Power BI Publish to Web for Anonymous Access is Here

Earlier this week on Wednesday the Microsoft Power BI made an incredibly exciting announcement and released Power BI “publish to web” as a preview feature. This is HUUUUGE news! This was probably the top requested feature and its finally here thanks to the hard work and dedication of the Microsoft Power BI team!

Read Getting Started with R Visuals in Power BI

Power BI “publish to web” allows you to easily expose a Power BI report to the world through an iframe that can be embedded wherever you like.

To publish your Power BI report to the web, log into your Power BI site.

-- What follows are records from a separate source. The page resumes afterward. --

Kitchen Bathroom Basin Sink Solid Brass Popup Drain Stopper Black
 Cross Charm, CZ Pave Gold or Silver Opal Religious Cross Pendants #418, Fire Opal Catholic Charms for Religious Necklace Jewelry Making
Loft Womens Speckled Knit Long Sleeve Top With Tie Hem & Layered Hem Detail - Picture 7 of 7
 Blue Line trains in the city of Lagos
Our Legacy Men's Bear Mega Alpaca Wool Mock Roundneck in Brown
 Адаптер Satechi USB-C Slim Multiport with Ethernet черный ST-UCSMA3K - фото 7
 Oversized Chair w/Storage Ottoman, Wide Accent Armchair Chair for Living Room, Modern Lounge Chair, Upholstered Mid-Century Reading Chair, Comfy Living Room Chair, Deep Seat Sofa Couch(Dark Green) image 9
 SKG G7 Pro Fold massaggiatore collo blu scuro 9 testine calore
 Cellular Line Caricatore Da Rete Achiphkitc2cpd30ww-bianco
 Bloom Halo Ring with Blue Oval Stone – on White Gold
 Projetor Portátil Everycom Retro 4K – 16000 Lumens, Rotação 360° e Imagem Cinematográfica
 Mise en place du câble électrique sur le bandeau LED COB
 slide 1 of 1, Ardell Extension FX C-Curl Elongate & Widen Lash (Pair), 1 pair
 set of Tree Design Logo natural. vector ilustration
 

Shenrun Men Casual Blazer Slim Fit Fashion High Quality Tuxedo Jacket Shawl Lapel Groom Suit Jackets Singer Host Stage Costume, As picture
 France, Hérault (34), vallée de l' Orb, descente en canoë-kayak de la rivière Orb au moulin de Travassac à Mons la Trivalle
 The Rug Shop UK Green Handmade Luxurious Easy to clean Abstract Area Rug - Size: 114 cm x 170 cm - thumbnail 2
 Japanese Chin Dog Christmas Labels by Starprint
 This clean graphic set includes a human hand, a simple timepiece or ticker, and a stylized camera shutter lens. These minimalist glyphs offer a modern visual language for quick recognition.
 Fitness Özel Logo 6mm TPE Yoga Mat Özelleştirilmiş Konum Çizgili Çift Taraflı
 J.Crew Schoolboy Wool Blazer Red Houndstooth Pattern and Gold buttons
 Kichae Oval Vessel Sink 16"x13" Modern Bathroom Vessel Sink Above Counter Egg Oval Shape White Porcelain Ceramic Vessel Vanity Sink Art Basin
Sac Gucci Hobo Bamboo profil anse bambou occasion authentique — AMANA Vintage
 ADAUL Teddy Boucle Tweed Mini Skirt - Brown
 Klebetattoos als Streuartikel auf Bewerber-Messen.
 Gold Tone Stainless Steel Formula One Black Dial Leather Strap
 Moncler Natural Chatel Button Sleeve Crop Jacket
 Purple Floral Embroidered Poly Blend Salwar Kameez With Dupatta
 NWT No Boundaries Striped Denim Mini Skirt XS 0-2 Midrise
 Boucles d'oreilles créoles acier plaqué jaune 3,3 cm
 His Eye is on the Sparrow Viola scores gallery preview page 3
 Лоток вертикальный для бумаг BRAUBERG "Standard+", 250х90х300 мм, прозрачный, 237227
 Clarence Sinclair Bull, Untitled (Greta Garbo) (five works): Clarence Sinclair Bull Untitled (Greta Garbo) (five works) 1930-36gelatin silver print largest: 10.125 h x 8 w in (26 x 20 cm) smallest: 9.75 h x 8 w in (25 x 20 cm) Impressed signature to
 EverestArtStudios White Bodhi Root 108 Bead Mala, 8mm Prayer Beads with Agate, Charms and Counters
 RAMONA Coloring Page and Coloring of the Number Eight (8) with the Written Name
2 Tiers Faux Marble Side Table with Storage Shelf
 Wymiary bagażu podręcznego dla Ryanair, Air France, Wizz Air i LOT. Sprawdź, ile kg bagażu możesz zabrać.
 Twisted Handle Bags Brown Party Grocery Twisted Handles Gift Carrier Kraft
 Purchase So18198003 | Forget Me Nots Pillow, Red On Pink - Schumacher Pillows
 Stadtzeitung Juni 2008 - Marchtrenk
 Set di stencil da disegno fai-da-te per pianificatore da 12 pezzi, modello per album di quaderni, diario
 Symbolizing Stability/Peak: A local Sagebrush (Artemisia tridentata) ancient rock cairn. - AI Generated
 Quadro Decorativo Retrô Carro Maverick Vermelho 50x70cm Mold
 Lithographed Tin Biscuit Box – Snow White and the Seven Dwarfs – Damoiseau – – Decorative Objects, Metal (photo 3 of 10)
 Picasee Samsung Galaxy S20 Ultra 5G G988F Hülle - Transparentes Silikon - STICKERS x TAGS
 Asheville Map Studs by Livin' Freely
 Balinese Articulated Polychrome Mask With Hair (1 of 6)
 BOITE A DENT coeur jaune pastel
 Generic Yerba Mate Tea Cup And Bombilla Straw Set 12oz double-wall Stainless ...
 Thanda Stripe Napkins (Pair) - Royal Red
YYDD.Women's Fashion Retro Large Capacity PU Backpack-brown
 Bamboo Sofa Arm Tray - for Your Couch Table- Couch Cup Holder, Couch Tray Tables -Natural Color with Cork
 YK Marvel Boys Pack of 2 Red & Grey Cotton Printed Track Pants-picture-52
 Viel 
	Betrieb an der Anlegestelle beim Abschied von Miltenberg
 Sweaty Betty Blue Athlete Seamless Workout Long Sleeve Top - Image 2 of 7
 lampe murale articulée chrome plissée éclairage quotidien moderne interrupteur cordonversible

Find the report that you want to share and click File in the top left.
Power BI publish to web

You’ll see a message pop up box similar to below. Click the yellow button to create the embed code.
Power BI publish to web preview

This is where you’ll see a very important warning!
WARNING: Reports that you expose through the “publish to web” feature will be visible to everyone on the internet! This means NO AUTHENTICATION is required to view the report that is embedded in your application.
warning 2

Once you do that, you’ll receive an embed code that you can then use to expose your Power BI report within your blog as seen below!

As you can see the report maintains all the interactivity features of Power BI. And as your Power BI report updates and changes, those changes will be reflected in your embedded Power BI reports!

Pretty awesome!

Additional Resources

Read the Power BI “publish to web” announcement here.

Read the Power BI “publish to web” documentation here.


Let me know what you think of this feature or if you have any questions. Leave a comment down below.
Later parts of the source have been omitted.